Dataset section:
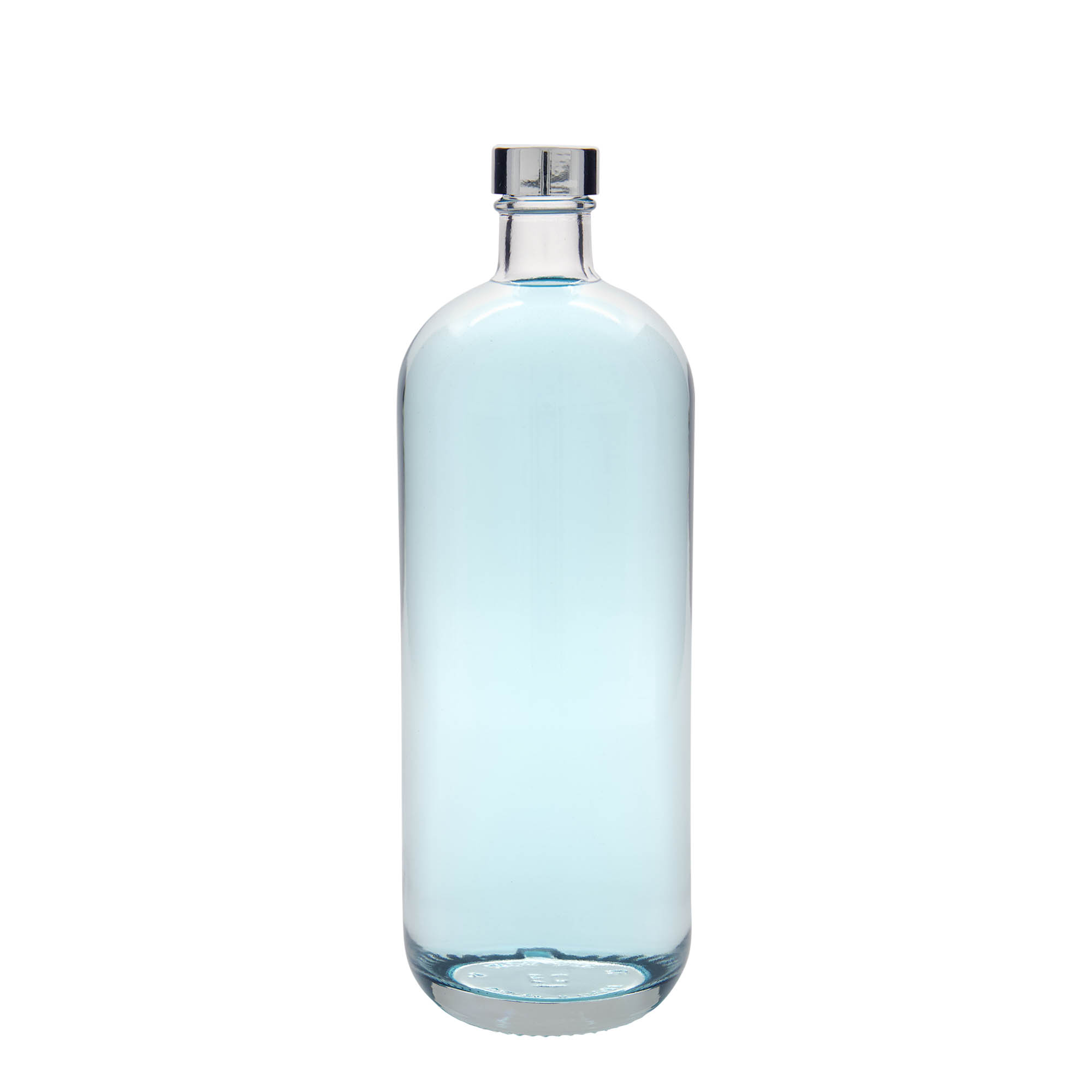 Garrafa de vidro de 1000 ml 'Lotto', boca: GPI 28 Garrafa de vidro de 1000 ml 'Lotto', boca: GPI 28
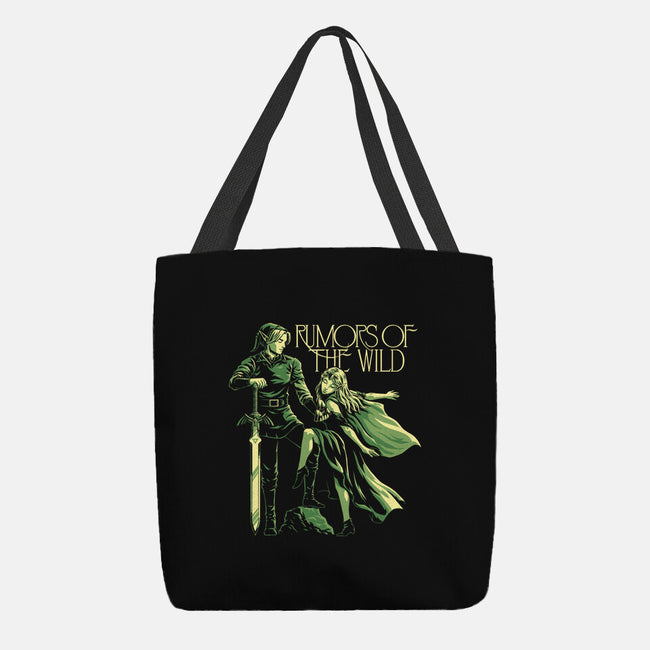 Elf Game Music Album-None-Basic Tote-Bag-Studio Mootant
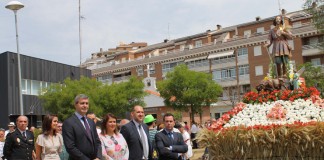 Gutierrez acompaña a talaveranos en celebración San Isidro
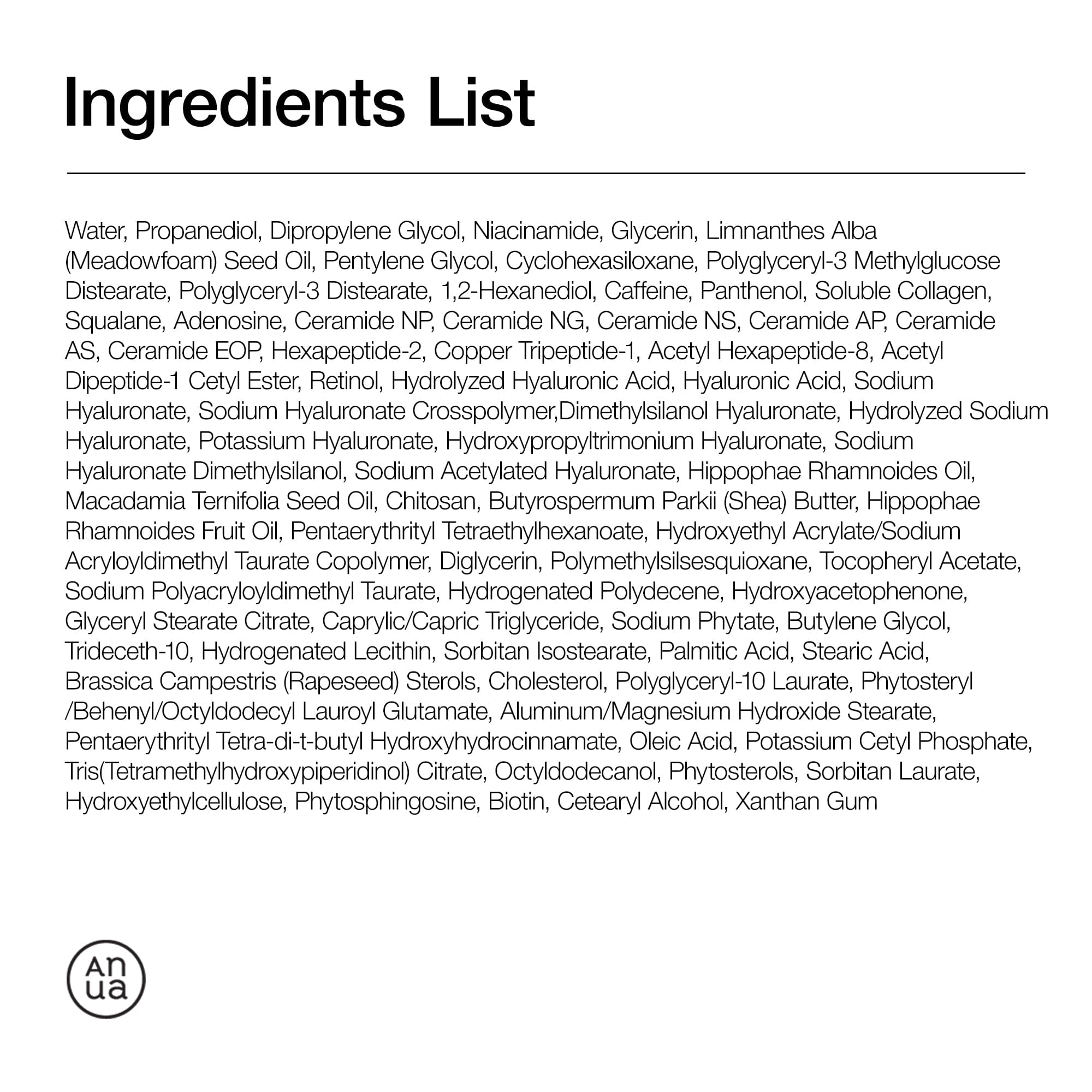 ANUA Retinol 0.1 Caffeine Revitalizing Eye Cream 30g - official ANUA product image 8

Exercise: The material above must be printed exactly, with its pictures left out.

Solution to this problem:
 Garrafa de vidro de 1000 ml 'Lotto', boca: GPI 28 Garrafa de vidro de 1000 ml 'Lotto', boca: GPI 28
 Elf Game Music Album-None-Basic Tote-Bag-Studio Mootant
 Gutierrez acompaña a talaveranos en celebración San Isidro
 ANUA Retinol 0.1 Caffeine Revitalizing Eye Cream 30g - official ANUA product image 8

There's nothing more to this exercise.